### [What is being asked]
Return, word for word, only the lines of the data below that lie between the line with "WEC／GTWCヨーロッパ／" and the line with "学长带你逛校园西安翻译学院,西安翻译学院学姐带你练口语", those two lines included.

### [Entries shown]
^^^^^^^^

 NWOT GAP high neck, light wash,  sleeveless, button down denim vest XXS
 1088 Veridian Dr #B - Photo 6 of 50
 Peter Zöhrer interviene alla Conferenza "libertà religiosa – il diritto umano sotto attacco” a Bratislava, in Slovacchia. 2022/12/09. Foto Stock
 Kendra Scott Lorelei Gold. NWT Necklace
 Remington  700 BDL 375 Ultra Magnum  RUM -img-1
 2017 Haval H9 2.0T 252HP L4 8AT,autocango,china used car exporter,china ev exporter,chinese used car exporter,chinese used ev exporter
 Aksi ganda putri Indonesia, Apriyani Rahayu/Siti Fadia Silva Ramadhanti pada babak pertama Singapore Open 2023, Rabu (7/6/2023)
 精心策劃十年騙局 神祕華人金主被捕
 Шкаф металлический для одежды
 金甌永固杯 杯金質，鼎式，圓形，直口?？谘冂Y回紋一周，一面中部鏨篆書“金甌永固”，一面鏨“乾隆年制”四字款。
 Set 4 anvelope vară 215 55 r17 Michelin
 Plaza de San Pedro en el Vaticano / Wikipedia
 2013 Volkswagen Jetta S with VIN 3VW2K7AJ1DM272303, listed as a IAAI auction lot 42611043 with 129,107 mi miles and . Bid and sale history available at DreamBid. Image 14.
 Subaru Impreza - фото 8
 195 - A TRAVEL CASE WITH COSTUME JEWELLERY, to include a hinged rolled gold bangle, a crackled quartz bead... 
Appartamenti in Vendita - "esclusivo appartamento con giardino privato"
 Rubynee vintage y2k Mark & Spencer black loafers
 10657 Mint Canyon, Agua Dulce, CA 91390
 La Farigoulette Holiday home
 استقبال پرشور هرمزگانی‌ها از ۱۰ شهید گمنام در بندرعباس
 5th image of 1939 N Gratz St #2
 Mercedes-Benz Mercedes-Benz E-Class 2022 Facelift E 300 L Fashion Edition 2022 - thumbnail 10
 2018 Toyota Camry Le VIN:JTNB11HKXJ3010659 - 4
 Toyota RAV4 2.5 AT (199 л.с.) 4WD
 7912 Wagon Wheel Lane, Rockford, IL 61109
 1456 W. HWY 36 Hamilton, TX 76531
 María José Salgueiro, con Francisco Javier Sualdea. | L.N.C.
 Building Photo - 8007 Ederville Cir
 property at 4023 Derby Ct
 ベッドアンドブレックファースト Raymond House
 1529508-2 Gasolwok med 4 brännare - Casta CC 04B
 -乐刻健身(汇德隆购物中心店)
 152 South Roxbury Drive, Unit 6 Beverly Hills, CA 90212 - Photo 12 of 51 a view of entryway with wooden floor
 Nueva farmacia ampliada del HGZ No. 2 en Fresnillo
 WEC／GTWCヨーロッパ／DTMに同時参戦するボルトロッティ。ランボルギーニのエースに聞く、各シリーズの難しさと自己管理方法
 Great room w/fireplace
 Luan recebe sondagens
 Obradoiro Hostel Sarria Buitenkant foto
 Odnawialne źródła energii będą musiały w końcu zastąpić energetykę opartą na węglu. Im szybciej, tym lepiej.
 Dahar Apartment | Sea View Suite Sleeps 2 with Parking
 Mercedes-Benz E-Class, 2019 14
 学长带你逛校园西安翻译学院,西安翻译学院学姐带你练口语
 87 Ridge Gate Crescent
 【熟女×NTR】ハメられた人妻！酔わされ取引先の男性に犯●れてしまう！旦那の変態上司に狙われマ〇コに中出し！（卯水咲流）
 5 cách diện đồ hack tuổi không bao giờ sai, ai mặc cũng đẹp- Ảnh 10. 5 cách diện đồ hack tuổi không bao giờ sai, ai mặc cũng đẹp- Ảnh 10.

^^^^^^^^

### [Worked solution]
 WEC／GTWCヨーロッパ／DTMに同時参戦するボルトロッティ。ランボルギーニのエースに聞く、各シリーズの難しさと自己管理方法
 Great room w/fireplace
 Luan recebe sondagens
 Obradoiro Hostel Sarria Buitenkant foto
 Odnawialne źródła energii będą musiały w końcu zastąpić energetykę opartą na węglu. Im szybciej, tym lepiej.
 Dahar Apartment | Sea View Suite Sleeps 2 with Parking
 Mercedes-Benz E-Class, 2019 14
 学长带你逛校园西安翻译学院,西安翻译学院学姐带你练口语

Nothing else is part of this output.